Natalia Murillo was an undergraduate at the University of Southern California when a professor taught her about the cryptographic technique of zero-knowledge proofs. She’s been immersed in web3 and blockchain tech ever since, dropping out of college and investing the ~$5,000 she had to her name in NFTs before starting a web3 company, Koop.
After two months in private beta, Koop, which 21-year-old CEO Murillo co-founded with CTO Conner Chyung, just launched to the public. At its core, Koop is a protocol that helps creators and communities launch NFT-based membership passes to raise funds for projects, Murillo told TechCrunch in an interview.
Koops, as they’re called, are owned by their members, who vote on how to spend the group’s treasury funds, Murillo said. Koops can be formed for anything from launching a venture fund to creating a new clothing brand, though its use cases seem to be mainly geared toward content creators looking to build communities of engaged fans.
The platform has seen $850 million in volume already from the treasuries of its 50 active communities buying and selling NFTs, according to Murillo, who noted that the company has a waitlist of 8,500 groups who want to form Koops. The company says sign-ups on its platform are growing 4x week-over-week. Current Koop users include include Mems NFT, The Heart Project, 1confirmation, musicians with creatorDAOs, and gaming guilds, it says.
Koop also announced today that is coming out of stealth with $5 million in funding led by 1confirmation and web3 creator economy-focused Variant Fund, with participation from Palm Tree Crew, Day One Ventures, Ethereal Ventures, DeFi Alliance, Volt Capital, PearVC, DCF God, 0xmons and angel investors including crypto influencer Cooper Turley, ex-Coinbase CTO and a16z investor Balaji Srinivasan and former Sequoia partner Liu Jiang.
Murillo describes a Koop as a “socioeconomic network,” contrasting it with traditional social networks. It’s similar in some ways to a decentralized autonomous organization (DAO), a blockchain-based community governance structure that surged in popularity during last year’s crypto bull run. But Koops have some key differences from DAOs, Murillo said.

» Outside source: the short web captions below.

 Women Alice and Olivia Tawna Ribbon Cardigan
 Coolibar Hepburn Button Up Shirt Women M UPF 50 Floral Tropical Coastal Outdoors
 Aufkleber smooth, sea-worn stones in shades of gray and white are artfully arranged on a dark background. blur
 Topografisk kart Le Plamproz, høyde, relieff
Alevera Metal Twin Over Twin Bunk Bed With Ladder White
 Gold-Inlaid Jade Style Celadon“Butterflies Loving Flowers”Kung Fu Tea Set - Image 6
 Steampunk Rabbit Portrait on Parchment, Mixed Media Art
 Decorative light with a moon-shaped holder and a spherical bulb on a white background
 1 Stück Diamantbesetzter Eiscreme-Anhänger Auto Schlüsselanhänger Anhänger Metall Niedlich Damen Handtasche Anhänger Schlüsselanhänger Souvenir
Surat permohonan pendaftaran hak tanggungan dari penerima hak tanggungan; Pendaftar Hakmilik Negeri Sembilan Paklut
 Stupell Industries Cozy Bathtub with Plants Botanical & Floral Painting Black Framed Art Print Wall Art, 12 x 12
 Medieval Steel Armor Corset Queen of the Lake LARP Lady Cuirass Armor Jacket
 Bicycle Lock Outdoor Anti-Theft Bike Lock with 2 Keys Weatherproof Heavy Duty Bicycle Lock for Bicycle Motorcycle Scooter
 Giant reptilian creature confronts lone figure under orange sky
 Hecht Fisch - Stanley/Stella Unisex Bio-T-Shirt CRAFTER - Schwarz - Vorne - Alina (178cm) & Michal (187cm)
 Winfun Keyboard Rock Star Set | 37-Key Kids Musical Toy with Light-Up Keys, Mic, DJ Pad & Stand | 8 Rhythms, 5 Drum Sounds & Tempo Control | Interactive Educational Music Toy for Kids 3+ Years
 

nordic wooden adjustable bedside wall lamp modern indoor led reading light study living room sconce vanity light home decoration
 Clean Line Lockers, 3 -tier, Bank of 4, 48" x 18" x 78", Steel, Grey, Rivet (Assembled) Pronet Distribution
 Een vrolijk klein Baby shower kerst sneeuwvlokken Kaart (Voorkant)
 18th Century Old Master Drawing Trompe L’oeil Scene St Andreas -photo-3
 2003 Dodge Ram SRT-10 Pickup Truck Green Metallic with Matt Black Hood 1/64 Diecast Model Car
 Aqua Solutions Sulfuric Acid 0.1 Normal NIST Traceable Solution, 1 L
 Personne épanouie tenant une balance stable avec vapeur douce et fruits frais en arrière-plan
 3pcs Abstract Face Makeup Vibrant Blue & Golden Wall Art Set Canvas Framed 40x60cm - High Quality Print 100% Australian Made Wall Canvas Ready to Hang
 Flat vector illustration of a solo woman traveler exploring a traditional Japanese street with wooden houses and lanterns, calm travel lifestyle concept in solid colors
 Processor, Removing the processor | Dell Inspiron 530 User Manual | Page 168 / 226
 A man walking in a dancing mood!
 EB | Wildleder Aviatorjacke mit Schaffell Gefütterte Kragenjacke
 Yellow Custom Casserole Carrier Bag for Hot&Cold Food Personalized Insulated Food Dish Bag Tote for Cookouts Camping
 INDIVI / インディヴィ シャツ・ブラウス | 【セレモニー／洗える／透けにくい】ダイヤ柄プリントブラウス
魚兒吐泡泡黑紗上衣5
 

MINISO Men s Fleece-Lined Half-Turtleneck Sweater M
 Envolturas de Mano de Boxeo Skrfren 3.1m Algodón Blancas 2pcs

“The Koop is lighter-touch, it’s lighter-weight, and it’s focused more on the social experiences and less so on the nuances of, is every single member voting, or is it truly decentralized,” Murillo said. Creators using Koops, for example, can still choose to have single-handed control over their groups’ wallet and executing decisions, but might leverage the Koop community as a “temperature check” of sorts to help guide their decision-making.
DAOs also don’t have to be decentralized, but the ethos around them tends to be more focused on delegating voting rights equitably to each group member. Koops, in contrast, can be more centralized, tend to be smaller in size, and afford groups the option to organize around a short-term goal or cause and dissolve the Koop when it has been achieved, Murillo added.
“We participate in fictional worlds or digital communities with more fervence and passion than our local democracies, and so I felt like there was a big disconnect in terms of what communities were offering to the amount of time and investment I shared with them,” Murillo said of her motivations behind starting the company.
She shared the example of Youtuber and creator Logan Paul to explain the utility of a Koop. Murillo said she has been a subscriber to Paul’s “Impaulsive” podcasts for years, but she hadn’t felt engaged with the community around the product — “all I do is subscribe. I’m essentially paying taxes to comment and buy a piece of merch,” Murillo said.
Paul’s Koop, 99 Originals, affords community members rights they wouldn’t otherwise have as consumers of his content, she added.